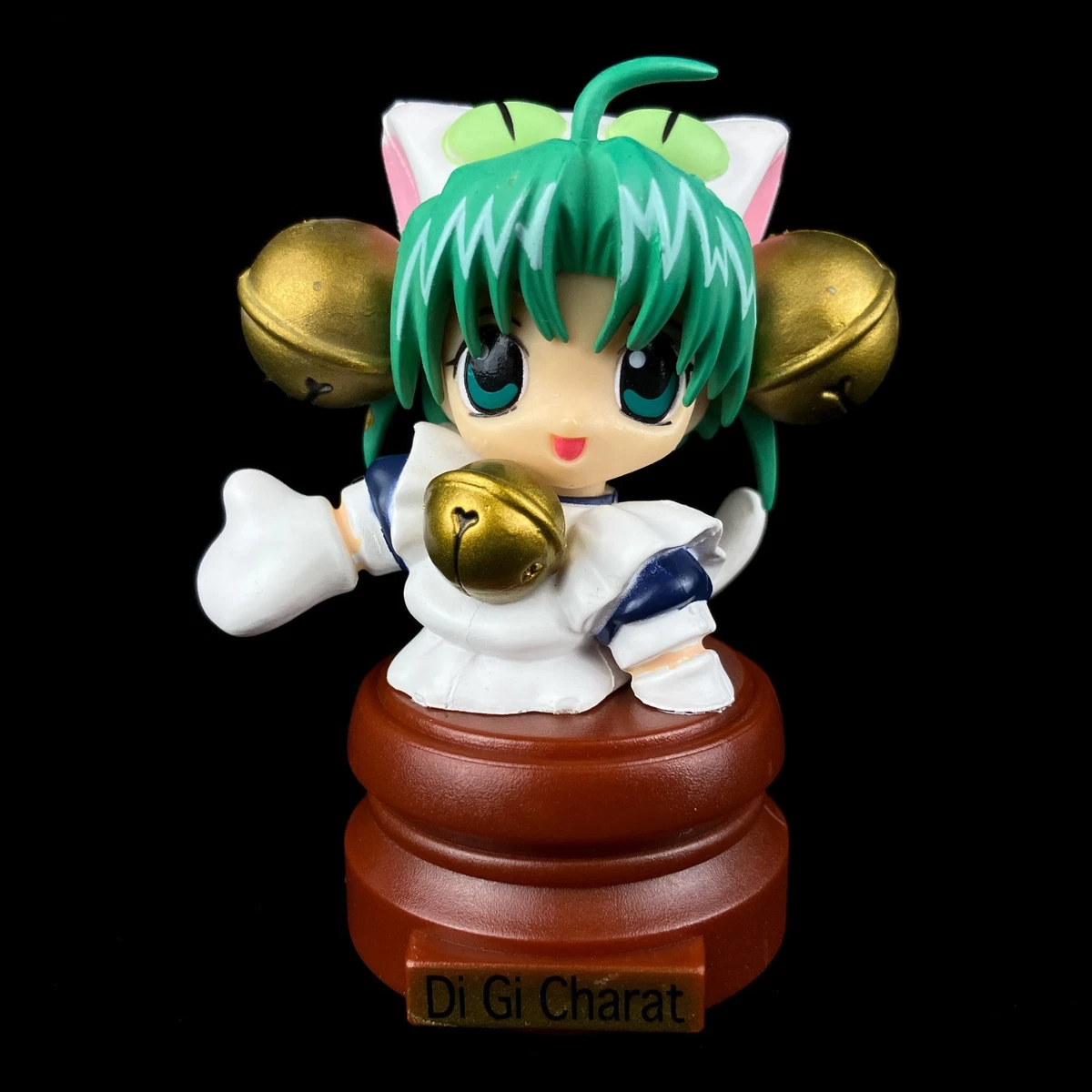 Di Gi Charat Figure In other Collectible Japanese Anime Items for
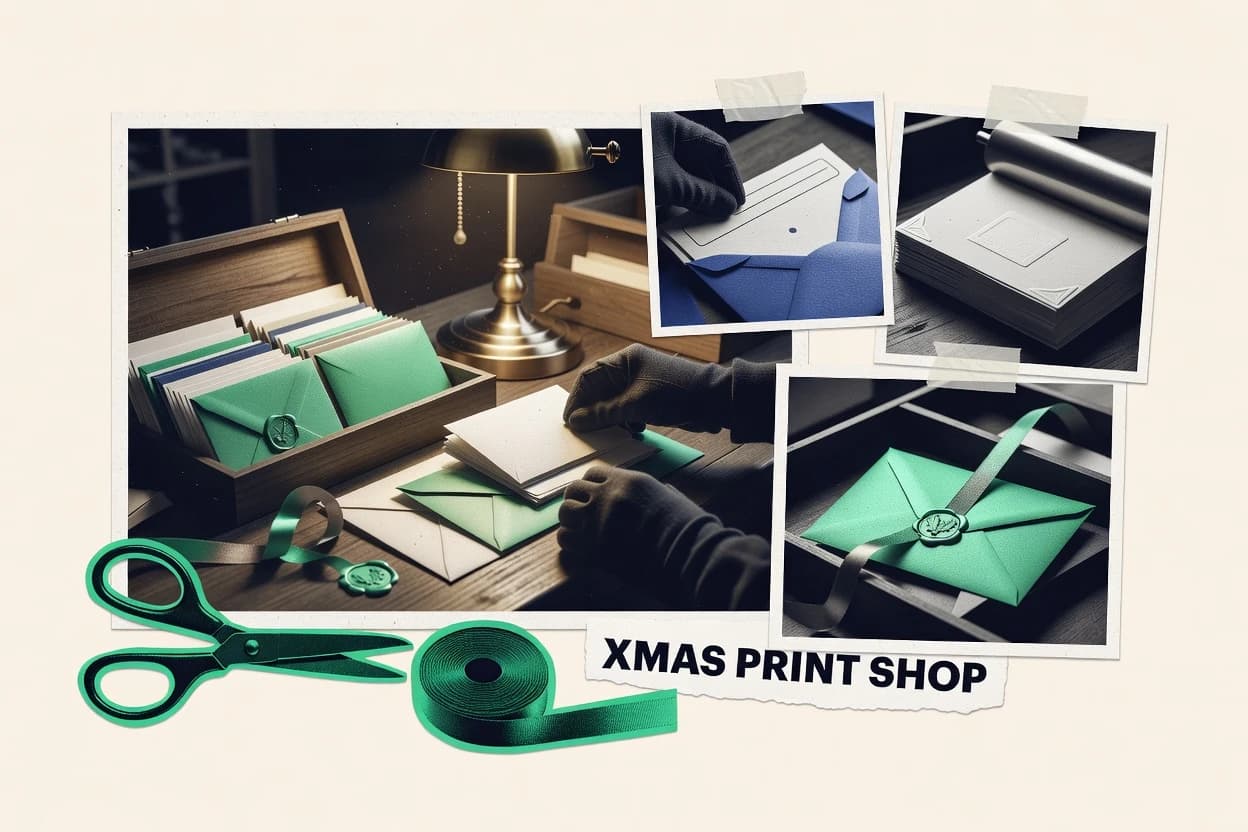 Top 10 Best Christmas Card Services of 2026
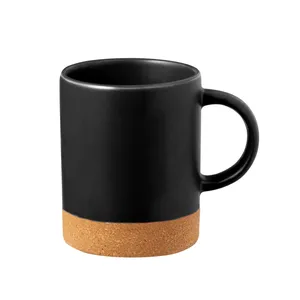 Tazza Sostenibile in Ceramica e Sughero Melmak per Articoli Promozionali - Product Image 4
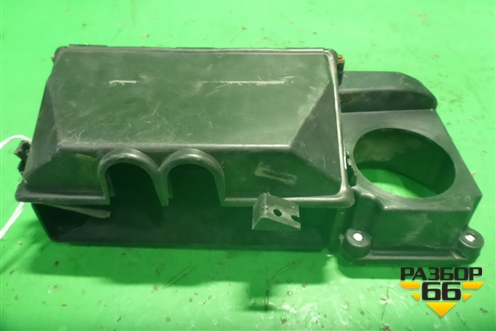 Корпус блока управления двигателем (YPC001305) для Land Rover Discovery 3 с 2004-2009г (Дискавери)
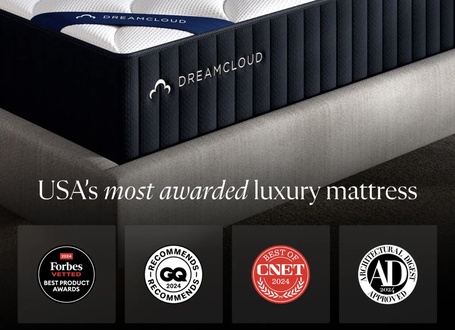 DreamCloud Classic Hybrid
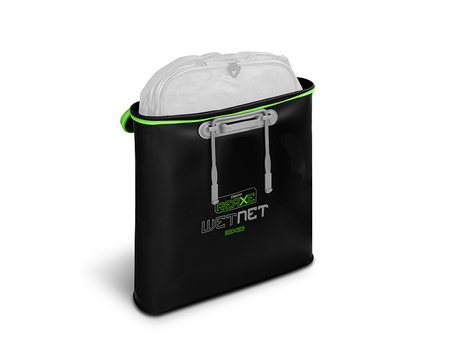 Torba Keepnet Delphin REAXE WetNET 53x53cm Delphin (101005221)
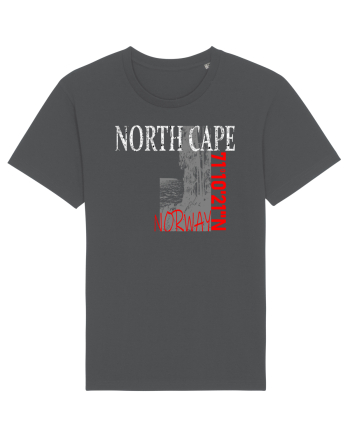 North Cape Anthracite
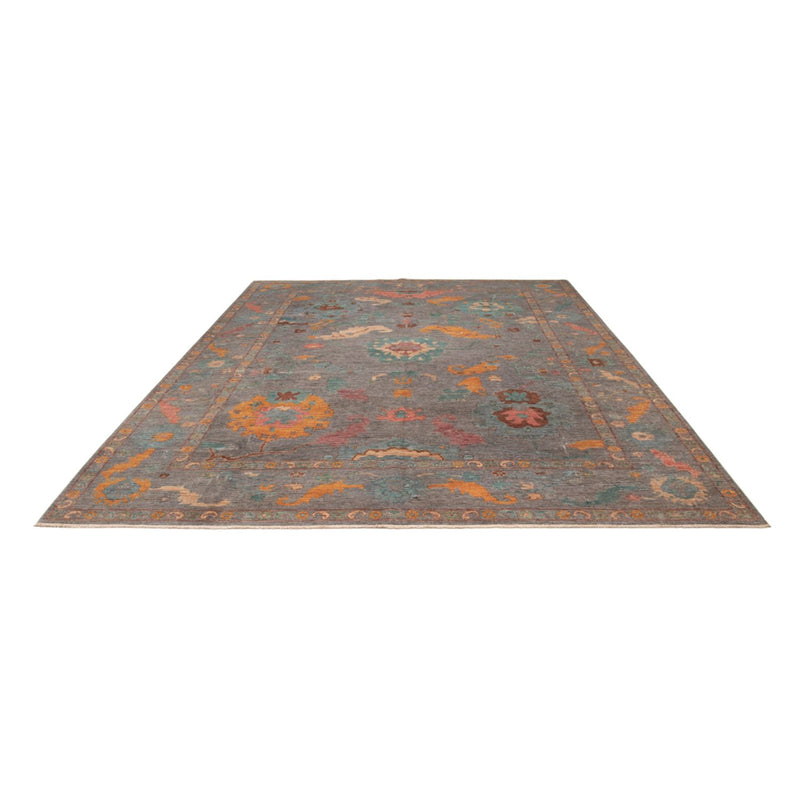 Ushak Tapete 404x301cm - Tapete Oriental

|---|

_Requirement_.
An exact copy of every entry, minus the pictures, is what you should return.

_Exercise answer_.
 Di Gi Charat Figure In other Collectible Japanese Anime Items for
 Top 10 Best Christmas Card Services of 2026
 Tazza Sostenibile in Ceramica e Sughero Melmak per Articoli Promozionali - Product Image 4
 Корпус блока управления двигателем (YPC001305) для Land Rover Discovery 3 с 2004-2009г (Дискавери)
 DreamCloud Classic Hybrid
 Torba Keepnet Delphin REAXE WetNET 53x53cm Delphin (101005221)
 North Cape Anthracite
 Ushak Tapete 404x301cm - Tapete Oriental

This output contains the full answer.